* Exercise *
Below is a listing; retype exactly the line with "Des Moines Apartment: 2270 Bell Ave" and every line after it through the end, and only those, leaving out the pictures.

* Material for this exercise *
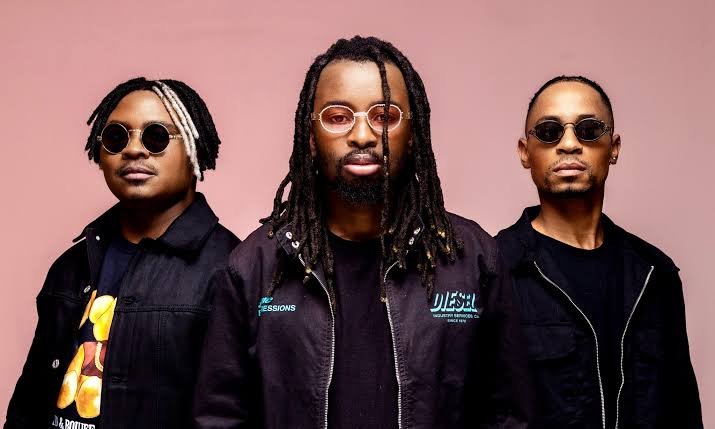 Mozambican music trio, DJ Tarico, Preck and Nelson Tivane better known in music circles as Yaba Buluku Boyz have taken time-out to highlight the love Nigerian musicians show to other African artistes.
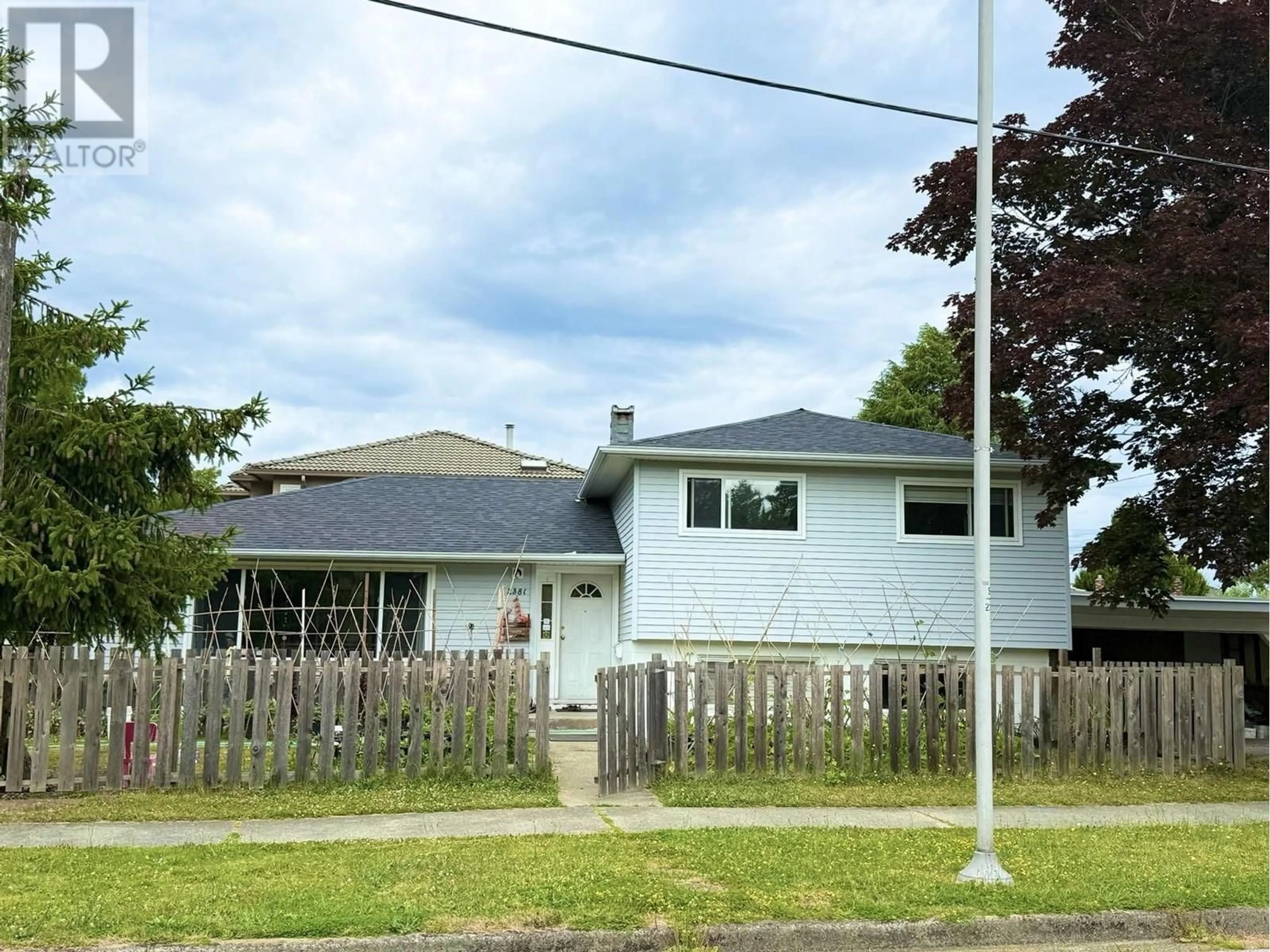 A pic from outside/outdoor area/front of a property/back of a property/a pic from drone, street for 2381 OLIVER CRESCENT, Vancouver British Columbia V6L1S6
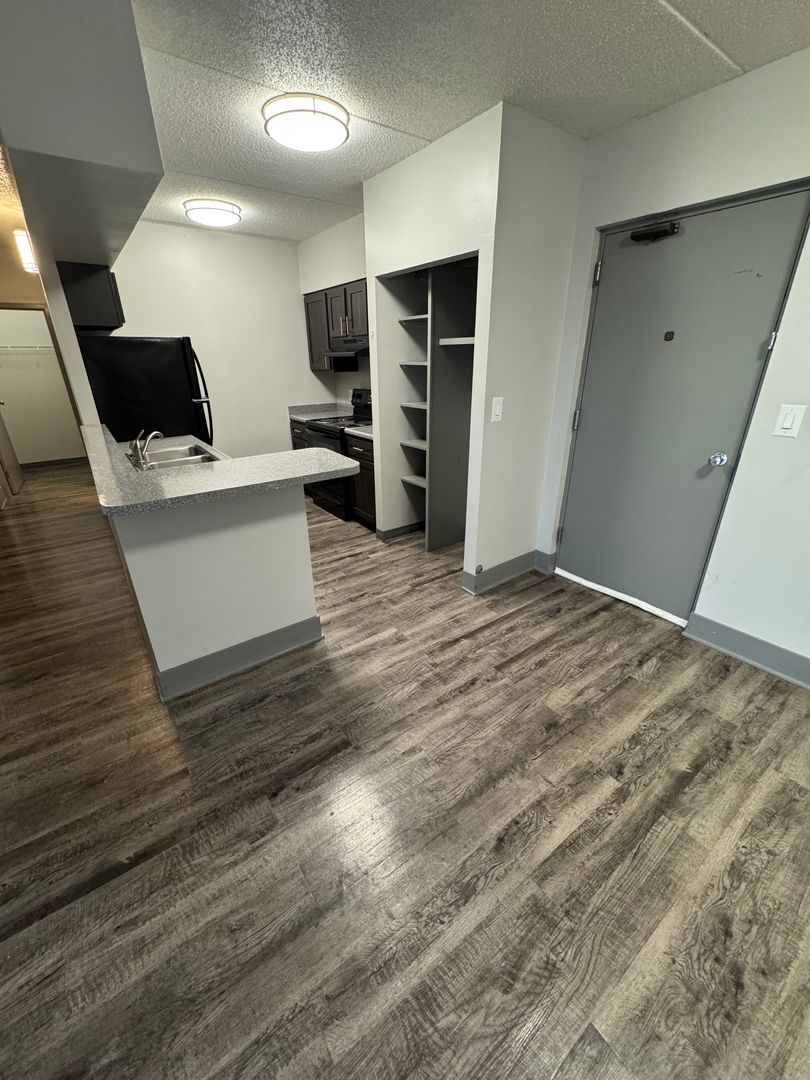 Des Moines Apartment: 2270 Bell Ave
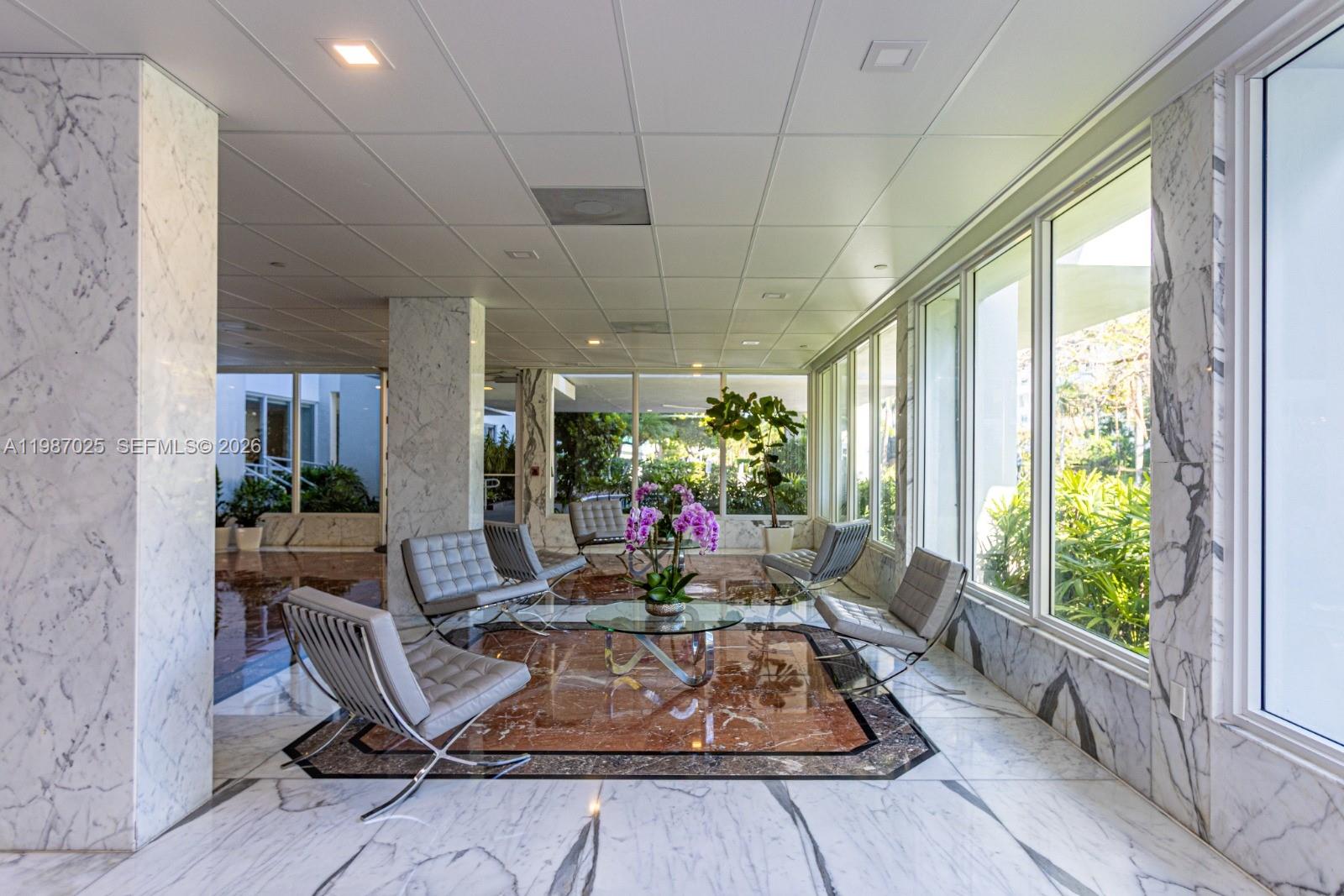 COMMODORE CLUB WEST CONDO - Residential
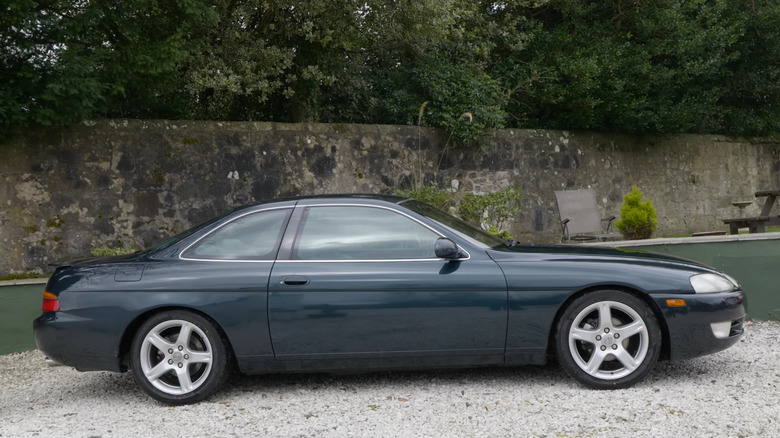 Toyota Soarer third-gen side profile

* Your solution *
 Des Moines Apartment: 2270 Bell Ave
 COMMODORE CLUB WEST CONDO - Residential
 Toyota Soarer third-gen side profile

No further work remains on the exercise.